Of the other transmitters believed to be involved in drug abuse, serotonin has achieved some prominence. There is physiological evidence to suggest that serotonergic and dopaminergic systems are mutually inhibitory. Cocaine, like the SSRI antidepressants such as fluoxetine and citalopram, blocks the serotonin transporter. Again, it seems improbable that the serotonergic system provides the common neurochemical pathway. Thus mice lacking the 5-HT1B receptor self-administer cocaine more readily than normal mice but paradoxically 5-HT1B receptor agonists have the same effect.

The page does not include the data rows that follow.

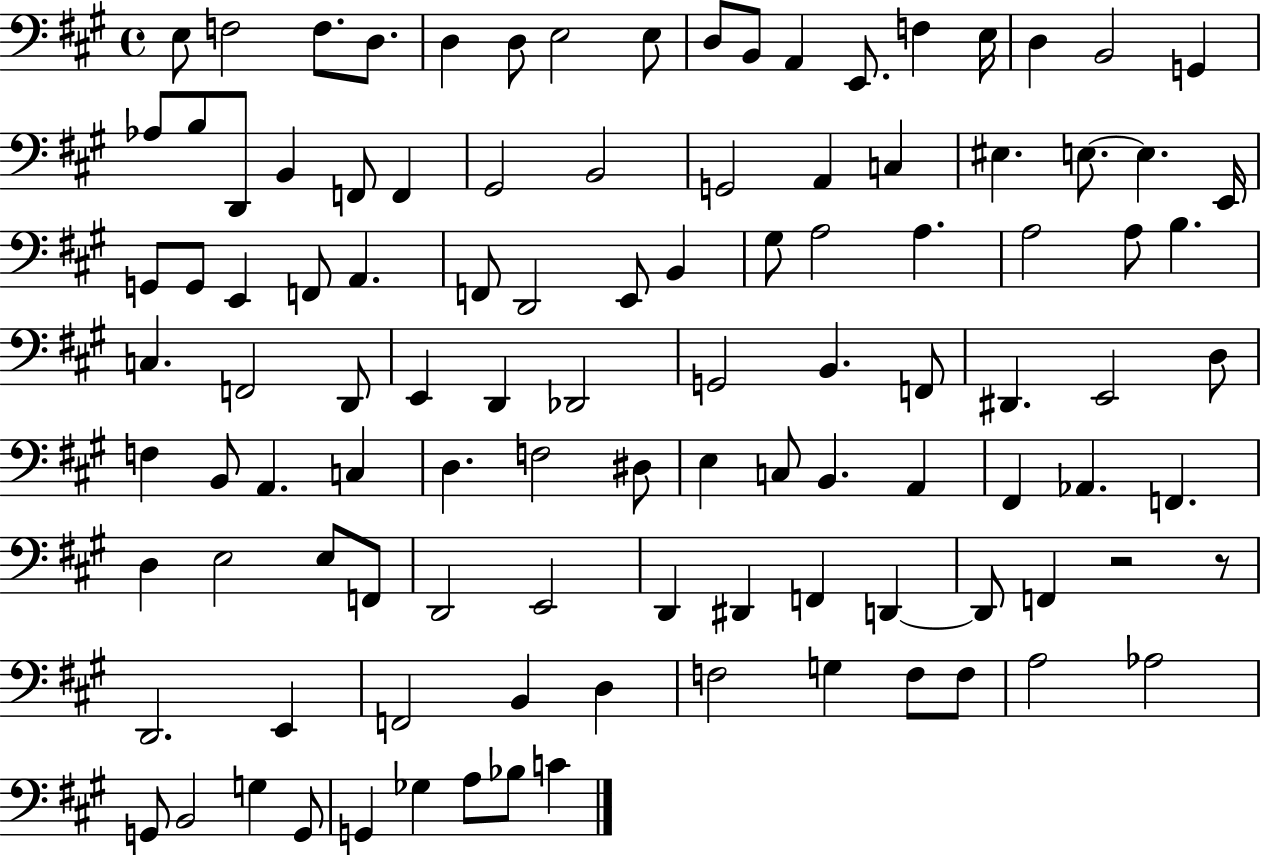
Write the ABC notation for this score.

X:1
T:Untitled
M:4/4
L:1/4
K:A
E,/2 F,2 F,/2 D,/2 D, D,/2 E,2 E,/2 D,/2 B,,/2 A,, E,,/2 F, E,/4 D, B,,2 G,, _A,/2 B,/2 D,,/2 B,, F,,/2 F,, ^G,,2 B,,2 G,,2 A,, C, ^E, E,/2 E, E,,/4 G,,/2 G,,/2 E,, F,,/2 A,, F,,/2 D,,2 E,,/2 B,, ^G,/2 A,2 A, A,2 A,/2 B, C, F,,2 D,,/2 E,, D,, _D,,2 G,,2 B,, F,,/2 ^D,, E,,2 D,/2 F, B,,/2 A,, C, D, F,2 ^D,/2 E, C,/2 B,, A,, ^F,, _A,, F,, D, E,2 E,/2 F,,/2 D,,2 E,,2 D,, ^D,, F,, D,, D,,/2 F,, z2 z/2 D,,2 E,, F,,2 B,, D, F,2 G, F,/2 F,/2 A,2 _A,2 G,,/2 B,,2 G, G,,/2 G,, _G, A,/2 _B,/2 C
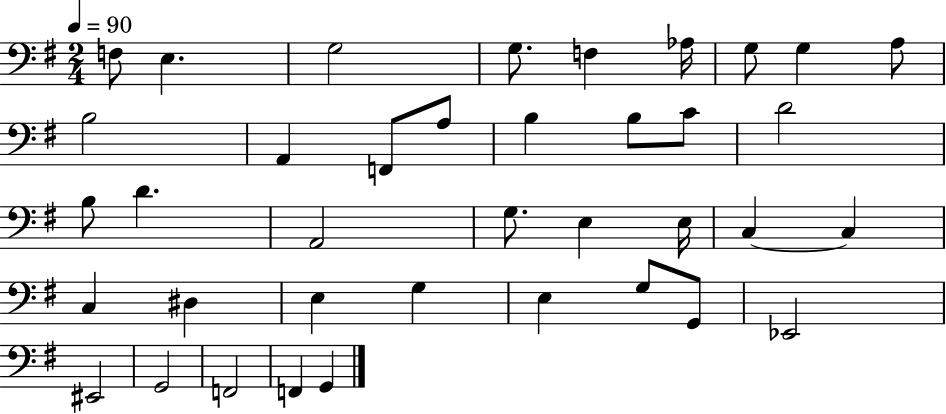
X:1
T:Untitled
M:2/4
L:1/4
K:G
F,/2 E, G,2 G,/2 F, _A,/4 G,/2 G, A,/2 B,2 A,, F,,/2 A,/2 B, B,/2 C/2 D2 B,/2 D A,,2 G,/2 E, E,/4 C, C, C, ^D, E, G, E, G,/2 G,,/2 _E,,2 ^E,,2 G,,2 F,,2 F,, G,,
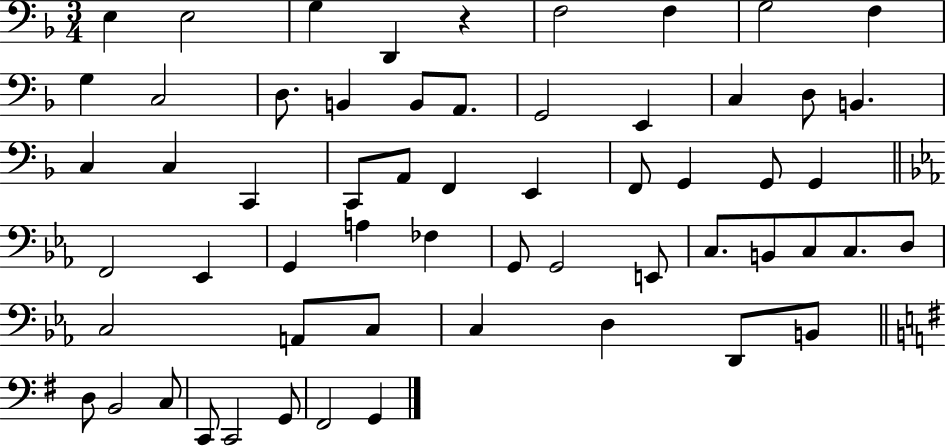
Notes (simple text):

E3/q E3/h G3/q D2/q R/q F3/h F3/q G3/h F3/q G3/q C3/h D3/e. B2/q B2/e A2/e. G2/h E2/q C3/q D3/e B2/q. C3/q C3/q C2/q C2/e A2/e F2/q E2/q F2/e G2/q G2/e G2/q F2/h Eb2/q G2/q A3/q FES3/q G2/e G2/h E2/e C3/e. B2/e C3/e C3/e. D3/e C3/h A2/e C3/e C3/q D3/q D2/e B2/e D3/e B2/h C3/e C2/e C2/h G2/e F#2/h G2/q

Other approaches that have been used to find a common pathway which accounts for all drugs of abuse include the effects of such drugs on gene expression. Experimental intercellular second messenger systems increase the activity of adenylate cyclase and cyclic AMP dependent kinase, factors which increase gene transcriptase. Thus the cyclic AMP response element binding protein (CREB) increases the expression of the immediate early genes c-fos and c-jun. Chronic morphine administration reduces CREB while fos-like proteins are induced by stimulants, morphine and nicotine. It has been speculated that the genetic composition could affect neurodevelopment which then leads to adaptive changes to the presence of the drugs, thereby leading to an increase in the reinforcing properties of the drugs of abuse.

Attempts to develop novel drugs to treat dependence usually focus on the reward region of the brain, namely the dopamine-rich median forebrain bundle. However, it is now apparent that at least in the rat the reward region functions independently of the area concerned with craving. Experimentally it has been shown that when rats become dependent on cocaine and are then withdrawn from the drug, they will increase their electrical self-stimulation of the median forebrain bundle to a greater extent than they do when cocaine is administered. By contrast, stimulation of the ventral subiculum, a glutamate-rich region of the hippocampus, has been shown to produce behaviour associated with craving for cocaine. Thus while it would appear that stimulation of either the median forebrain bundle or ventral subiculum leads to dopamine release, it is only when the stimulus originates in the hippocampus that the stimulus triggers the memory that is integral to craving. It therefore appears that drug dependence entails two separate processes, one that involves neuroadap-tive changes that are a direct result of the drug and another that involves the establishment of memory traces that are located in the hippocampus.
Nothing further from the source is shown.